Right… enough context, let’s cut the shit and get to the good stuff. Here’s my complete AI memory system – the one I use every day to manage engineering teams.
In the previous posts (1, 2), I showed you the background and high-level setup. Now let’s look at what I’ve built on top of that foundation.
The Architecture (It’s Still Simple)
Quick recap:
- Claude Desktop with Project Knowledge
- MCP Desktop Commander for local file R/W access
- Markdown files organised in folders
What’s evolved is the system layer on top – the memory structure, the commands, and the workflows that make this actually useful.
The Instructions
First, we need to set some ground rules. Basically explain to our old-mate Claude how to interpret what we say, what actions to take based on the role it should play given the context of the documents or meeting transcripts provided, etc.
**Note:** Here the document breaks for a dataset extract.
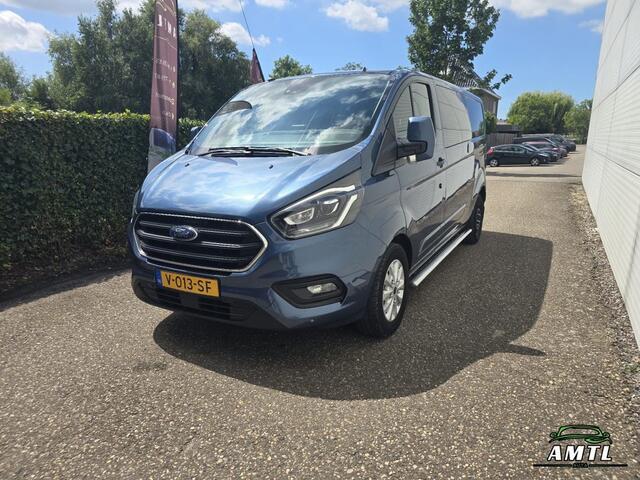 Ford TRANSIT CUSTOM - 300 2.0 TDCI L2H1 Limited DC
Below is a sample “context management system” instruction doc (just what I called mine, naming isn’t important) to demonstrate the level of detail needed to get started.
ai-context-management-system.md
# AI Context Management System Guide
## Overview
This document instructs how to manage long-term context using a hybrid approach combining file-based storage and Project Knowledge artifacts.
## Directory Structure
/Users/foo/bar/AI-Context/
├── Raw-Materials/ # Incoming stuff
│ ├── Meeting-Transcripts/
│ └── _Archive/ # Processed materials
├── Curated-Context/ # The actual memory
│ ├── Meeting-Insights/
│ ├── Team-Knowledge/
│ ├── Project-Insights/
│ ├── Decision-History/
│ └── Strategic-Documents/
├── Tasks/ # Strategic task tracking
│ └── strategic-tasks.md
├── Prompts/ # System files & memory summaries
│ ├── memory-organization.md
│ ├── memory-strategy.md
│ ├── memory-projects.md
│ ├── memory-decisions.md
│ ├── memory-team-dynamics.md
│ └── memory-relationships.md
└── Templates/ # Reusable formats
## Memory Command Actions - CRITICAL BEHAVIOR
When I use phrases like "commit to memory", "add to memory", or "save this information", this is NOT a request for analysis in chat. These are EXPLICIT instructions to CREATE A NEW FILE in the appropriate subdirectory.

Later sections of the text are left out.